Best practice is to:
- Monitor model performance metrics
- Validate screening outcomes
- Use human adjudication where disagreements occur
Limitations #
- Model accuracy depends on the number of screened records available for training.
- Early-stage reviews may not provide sufficient training data for strong performance.
- Abstract-only information may not fully capture eligibility criteria.
- Missing metadata may reduce prediction reliability.
- Precision is intentionally lower than recall, meaning the model may suggest inclusion of some irrelevant records.
Contact Information #
For questions, feedback, or support, please contact
support@nested-knowledge.com
PALISADE Compliance #
Purpose #
To assist literature screening during systematic reviews by estimating the probability that a record should be included or advanced based on patterns learned from prior screening decisions.
Appropriateness #
The Screening Model is appropriate for:
- Evidence synthesis workflows
- Systematic literature reviews
- Research prioritization tasks
It is not intended for clinical decision-making or diagnostic use.
Limitations #
- Predictions depend on patterns learned from reviewer behavior within a specific nest.
- Performance improves as more records are screened.
- Automated screening workflows (e.g., Robot Screener) may introduce unreviewed errors if not monitored.
Implementation #
The Screening Model uses a gradient-boosted decision tree ensemble trained on screening decisions within each nest.
At a high level, the model evaluates records by asking a series of binary questions about their characteristics (e.g., metadata, textual features, citation signals). These decisions collectively produce a posterior probability of inclusion or advancement.
Model characteristics include:
- Gradient-boosted decision tree ensemble
- Logistic loss optimization
- Cross-validation–based hyperparameter tuning
- SMOTE oversampling to address class imbalance
- Per-nest model training
Training begins once the following thresholds are met:
- 50 screened records
- 10 included or advanced records
After training, the model may update automatically as additional screening decisions are made.

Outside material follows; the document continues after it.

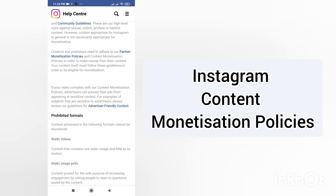If your video complies with the content monetization policies, advertisers can still prevent their ads from appearing in sensitive content. For example, objects or subjects that are sensitive to advertisers may be reviewed under their guidance. They keep emphasizing in the guidelines that we shouldn't make anything harmful to any age group.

Sensitivity and Specificity #
The Screening Model is designed to prioritize high recall (sensitivity) over precision.
This design reflects the asymmetric cost of screening errors:
- False exclusions (missing a relevant study) are highly costly.
- False inclusions can be corrected later during downstream review stages.
Typical performance characteristics include:
- Recall typically between 0.75–0.80
- Precision typically between 0.40–0.45
- AUC around 0.88
Algorithm Characteristics #
- Gradient-boosted decision tree ensemble
- Probabilistic prediction of inclusion or advancement
- Trained on reviewer decisions within each nest
- Cross-validation–based performance evaluation
- Class imbalance correction via SMOTE
The model is deterministic once trained but continuously updated as new screening data becomes available.
Data Characteristics #
The model processes data derived from records within the nest, including:
- Bibliographic metadata
- Abstract text
- Keyword and descriptor fields
- Citation metrics
- Text embeddings
- Derived linguistic features (n-grams)
Records may contain incomplete metadata; missing values are imputed during training.
Explainability #
The Screening Model provides transparency through:
- Probability scores representing likelihood of inclusion or advancement
- Cross-validation performance metrics
These outputs allow reviewers to:
- Assess model reliability
- Monitor screening progress
- Identify high-relevance records
Model predictions should be interpreted as decision-support signals rather than definitive screening decisions.
Additional Notes on Compliance #
The Screening Model operates only on user-provided records within a nest and does not retain content beyond the review workflow.
Because the model learns from reviewer behavior and dataset characteristics, performance may vary between reviews. Human oversight remains essential to ensure that relevant studies are not inadvertently excluded.